# Frogs & Toads > Dart Frogs (Dendrobatidae) > Gallery for Dart Frogs >  My Dendrobates Leucomelas Dart Frog Videos

## Don

*My Dendrobates Leucomelas Dart Frogs Feeding
*





1st time making a video with my new camera so I'll need to learn to dub in some audio next.

----------


## bshmerlie

Don...I like the audio track you decided to add.  :Big Grin:  how many frogs do you have in that tank? Its truly amazing ...Im speechless.

----------


## clownonfire

Fantastic, Don!!

----------


## Don

OK, how do I edit these now that I added an audio track on youtube?  I don't see the edit button anymore and the originals are deleted

----------


## Don

> Don...I like the audio track you decided to add.  how many frogs do you have in that tank?
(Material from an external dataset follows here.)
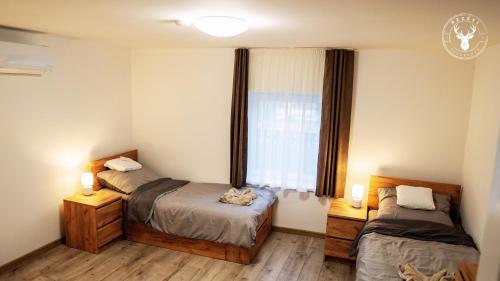 a bedroom with two beds and a window at Rezéti vendégház in Pörböly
Its truly amazing ...Im speechless.


Two only :-)

----------


## Don

*Updated Videos with Audio Tracks* - _Sorry, the ones above are removed and new are below_







Edited with Youtube Video Editor adding a rain forest soundtrack.

----------


## bshmerlie

> Two only :-)


You're gonna need two or three more...that tank is calling for it.  Luecs will be my next frogs as well.  :Smile:

----------


## Don

> You're gonna need two or three more...that tank is calling for it.  Luecs will be my next frogs as well.
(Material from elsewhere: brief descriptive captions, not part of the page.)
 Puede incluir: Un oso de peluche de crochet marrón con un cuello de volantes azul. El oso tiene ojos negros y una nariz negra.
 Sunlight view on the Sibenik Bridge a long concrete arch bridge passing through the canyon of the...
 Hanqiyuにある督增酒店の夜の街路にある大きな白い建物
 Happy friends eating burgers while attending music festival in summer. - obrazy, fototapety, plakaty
I would have had three total but Black Jungle only had one left when I visited there last weekend.  :-(

----------


## John Clare

I love the videos Don.  Beautiful frogs and terrarium.  Sorry I never got to meet you when I lived in Mass.

----------


## Don

> I love the videos Don.  Beautiful frogs and terrarium.  Sorry I never got to meet you when I lived in Mass.


John, Thanks! 

Are you in Ireland Now?  Thats a long way from Mass.
    My next project might be a video on constructing a viv.  Will take some planning but could be fun.   I'll also be videoing my Whites at feeding time since they go crazy.

----------


## John Clare

Hi Don,

No, I'm from Ireland but I live in OH now.

----------


## Michael

Don,

You have some great video's there!  Nice clear images and the vivariums are just beautiful.  I learn new things everytime I see your stuff.

----------


## Don

Thanks Mike.  I can't wait to see you do a moss based Vic so I can learn to work with getting moss to grow.

----------


## Michael

Don,

Funny you should mention it.  I will be working on that tomorrow.  I have the background all done.  Put in the substrate and the ABG Mix this evening.  I took the bags of moss that I received from Josh Frogs and put distilled water in them so they would soak up the water and become a bit more manageable.  Hopefully I can work on the moss as well as some plants tomorrow.  Still need to get a light for it.  Not sure if I want to go with the same light fixture as before on the other 18x18x24 viv  since it looks nice on top and I would not have any problems displaying the entire setup in the living room.  My feeling is that fixture won't provide enough light so probabbly will go with a T5 setup.

----------


## Don

Black jungle has a 3 bulb 24 inch top for only 44.00 plus shipping. You could definitely pump out some wattage with that.  They suggested that to me over the t8 or t5 since you don't get the wattage you would want for plants. 

If it was 30 inch I would have bought that for the 20 long.  That's what I built the one I have. 

I run one 26 Watt one the Whites 18x18x24 I have and its pretty bright so o can imagine 3 bulbs in there would be crazy bright.

----------


## bshmerlie

> Hi Don,
> 
> No, I'm from Ireland but I live in OH now.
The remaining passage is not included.